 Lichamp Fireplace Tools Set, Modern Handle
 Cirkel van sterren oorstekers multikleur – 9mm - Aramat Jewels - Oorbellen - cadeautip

+ + + +

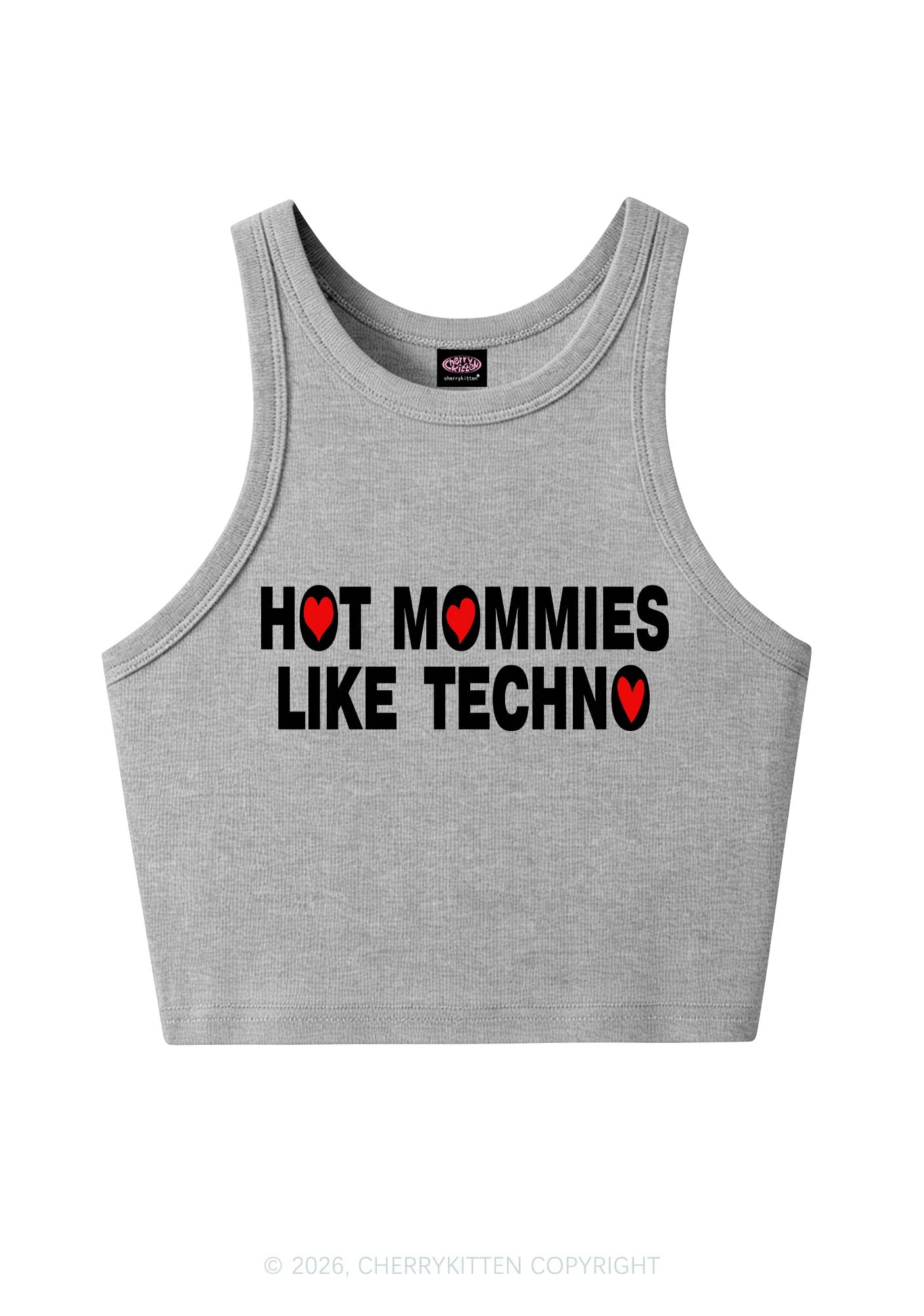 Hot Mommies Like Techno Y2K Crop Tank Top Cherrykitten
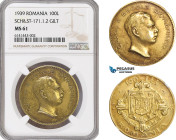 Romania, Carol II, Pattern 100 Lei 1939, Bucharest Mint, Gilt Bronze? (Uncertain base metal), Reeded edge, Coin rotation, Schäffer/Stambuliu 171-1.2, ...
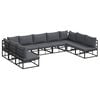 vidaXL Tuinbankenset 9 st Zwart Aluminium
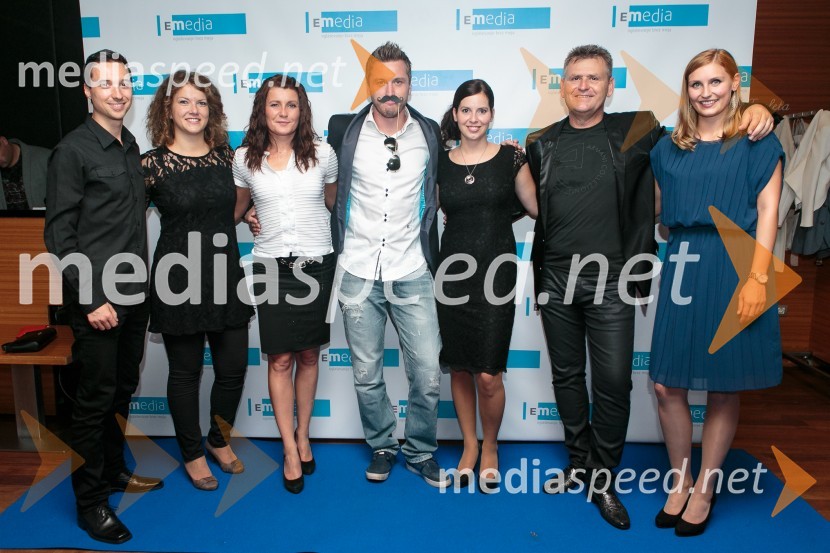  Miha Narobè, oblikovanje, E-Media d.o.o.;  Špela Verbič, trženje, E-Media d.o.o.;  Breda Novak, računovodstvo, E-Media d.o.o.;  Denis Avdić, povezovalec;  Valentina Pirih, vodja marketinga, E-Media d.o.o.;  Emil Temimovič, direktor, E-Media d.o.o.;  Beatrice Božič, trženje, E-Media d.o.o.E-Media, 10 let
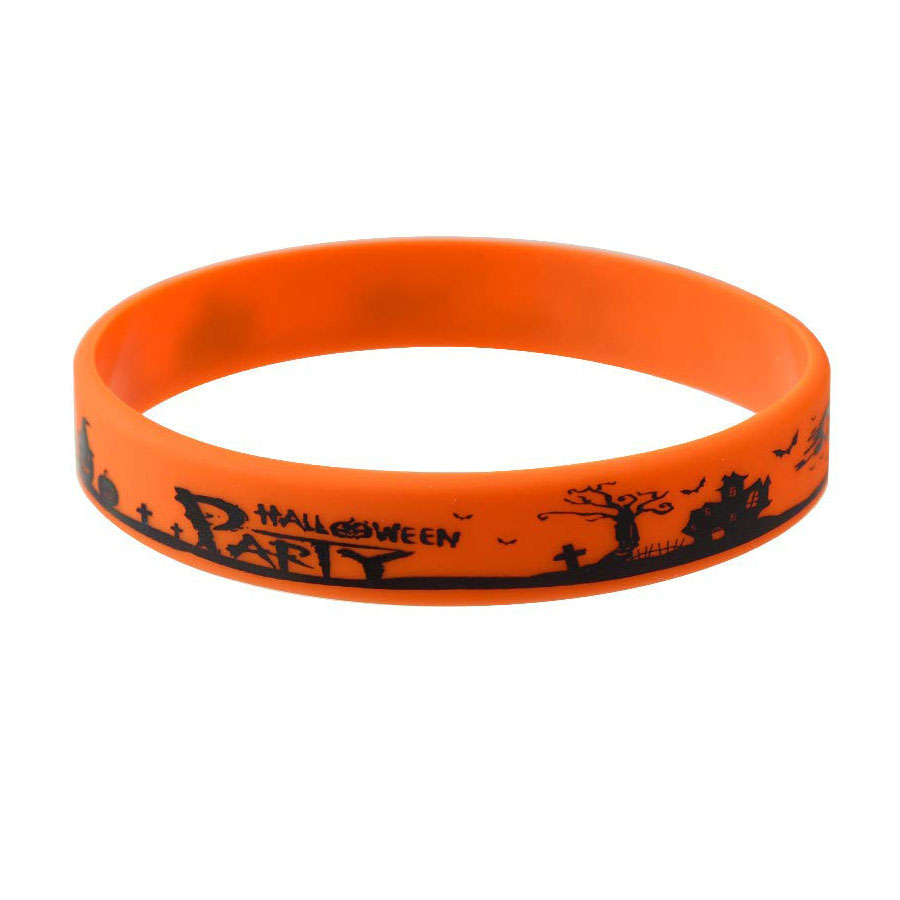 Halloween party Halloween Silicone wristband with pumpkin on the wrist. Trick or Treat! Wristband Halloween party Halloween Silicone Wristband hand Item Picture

+ + + +

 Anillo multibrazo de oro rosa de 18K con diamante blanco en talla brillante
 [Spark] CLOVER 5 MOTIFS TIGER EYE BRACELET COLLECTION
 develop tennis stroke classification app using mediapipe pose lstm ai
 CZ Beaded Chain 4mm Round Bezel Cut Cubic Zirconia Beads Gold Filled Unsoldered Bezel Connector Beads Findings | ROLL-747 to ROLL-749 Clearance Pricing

+ + + +

* [Work task]:
From the records above, give again only the part that opens with the line containing "Hot Mommies Like" and closes with the line containing "Halloween party Halloween Silicone wristband with". Keep both ends but drop the pictures.

* [Result of the task]:
 Hot Mommies Like Techno Y2K Crop Tank Top Cherrykitten
 Romania, Carol II, Pattern 100 Lei 1939, Bucharest Mint, Gilt Bronze? (Uncertain base metal), Reeded edge, Coin rotation, Schäffer/Stambuliu 171-1.2, ...
 vidaXL Tuinbankenset 9 st Zwart Aluminium
  Miha Narobè, oblikovanje, E-Media d.o.o.;  Špela Verbič, trženje, E-Media d.o.o.;  Breda Novak, računovodstvo, E-Media d.o.o.;  Denis Avdić, povezovalec;  Valentina Pirih, vodja marketinga, E-Media d.o.o.;  Emil Temimovič, direktor, E-Media d.o.o.;  Beatrice Božič, trženje, E-Media d.o.o.E-Media, 10 let
 Halloween party Halloween Silicone wristband with pumpkin on the wrist. Trick or Treat! Wristband Halloween party Halloween Silicone Wristband hand Item Picture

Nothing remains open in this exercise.